An example of the safaris offered by Hawk’s Head Photography takes place in early summer. Up to ten participants pay £129 each to travel to the Farne Islands by boat. The day involves a cruise around the islands, landings on two of them, a return to the mainland for an evening meal and then a return to the islands at dusk to catch images of guillemot fledglings learning to fly. Zibe or one of his colleagues is on hand to help teach the attendees to take better photographs, to adapt the settings on their cameras and to learn more about the wildlife on the island. Those who want more tuition or dedicated time can pay £349 for a one-to-one workshop.

Zibe is already facing the threat from free. He is facing it directly from people using his images without permission, and indirectly as competition from both professionals and amateurs drives the cost of stock photography through the floor. His response has included a mix of the traditional (branching out into the corporate sector, creating coffee-table books of his work) and the non-traditional (wildlife safaris that combine nature watching and photography lessons). His email to me suggested that he thought there was lots more scope in what he was doing.

‘I’m already thinking of giving away free stuff, including perhaps a cut-down version of the physical book as an eBook, a short eBook on how to take beautiful wildlife photos (I already teach photography) and some manner of free images to the general public. For the latter, I’m thinking screen wallpaper, although I need to think about what else. At the top end of the curve, I plan to push the higher end stuff such as signed, limited prints, one-to-one photo workshops and so on.’

It’s great that Zibe is already thinking about how to harness the Curve. He’s already building a Twitter and Facebook following and gathering email addresses of potential customers. There is more opportunity to start tying all that together. For example a short eBook on taking marvellous photos could be given away for free in return for an email address. Zibe’s Twitter feed could feature images of the day or images of the week to encourage followers to join for access to some of his beautiful photography. Zibe could build a section of his website to encourage buyers of his book about the Farne Islands to submit their own images, creating a small community and giving him access to a ready-made audience for one of his next projects.

The important fact is that Zibe is not bemoaning the challenges in the stock photography business or the difficulties of making money as a skilled photographer. He is embracing the new opportunities: of being able to reach a wide audience for his safaris through the web, of using new technologies to stay in touch, and allowing people who love what he does to spend money ranging from hardly anything to hundreds of pounds on things they value.

It’s a great example of a Curve business.

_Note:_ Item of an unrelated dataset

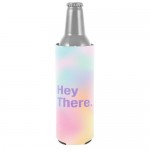 Aluminum Bottle Coolie 4CP with Logo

Since The Curve was published in late 2013, many more examples of Curve businesses have come to my attention. I hope that this trend will continue. I shall carry on publishing case studies of new industries and new situations in which Curve ideas are implemented or demonstrated on the website. I hope they will help you think about how to apply the ideas of the Curve, especially to industries outside the obvious field of digital media.